Certain types of government fishing fleet subsidies contribute to a critical global problem: too many vessels on the world’s oceans chasing too few fish.

These subsidies are intended to promote fishing by industrial and small-scale entities, typically helping to supplement income or lower costs. But subsidies can become harmful to fish stocks when the payments allow fishers to travel farther, stay at sea longer or have greater capacity than they would have otherwise. Therefore, subsidies often promote fishing beyond sustainable limits. In fact, a 2018 study showed that without government subsidies, as much as 54% of high seas fishing grounds would be unprofitable at current fishing rates.

Global fishing capacity—the total capability of the world’s fleets—is estimated at 250% of the level that would bring in the maximum sustainable catch, a scale of fishing made possible largely by subsidies. Governments pay about $20 billion a year in damaging types of fisheries subsidies, primarily to industrial fishers, to offset costs such as fuel, gear and vessel construction.

In June 2022, after 21 years of on-and-off discussions and negotiations, members of the World Trade Organization (WTO) adopted a fisheries subsidies agreement. While this is a historic step towards tackling overfishing, countries need to ratify the agreement swiftly for these reforms to take effect, and for members to fulfil their commitment to address outstanding issues related to overfishing and overcapacity.

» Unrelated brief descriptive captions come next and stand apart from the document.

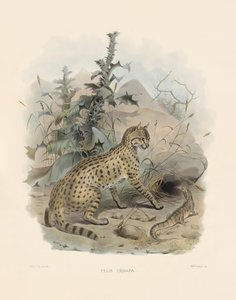 alkotó: Joseph Wolf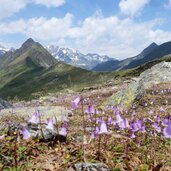 soldanellen bluete bei spronserjoch
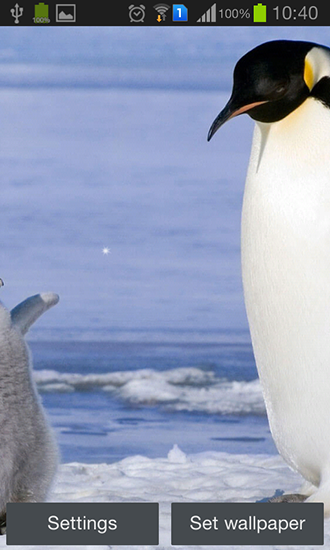 Android Hintergrundbilder Pinguin kostenlos auf den Desktop herunterladen.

The Pew Charitable Trusts is working with WTO members, scientists and other stakeholders to advocate for urgent ratification and implementation of the agreement, as well as to support continued negotiations on outstanding issues to substantially reduce those subsidies that are harmful to fisheries.

Stemming the flow of harmful fisheries subsidies would reduce pressure on fish stocks, improve ocean health and protect future livelihoods in coastal communities.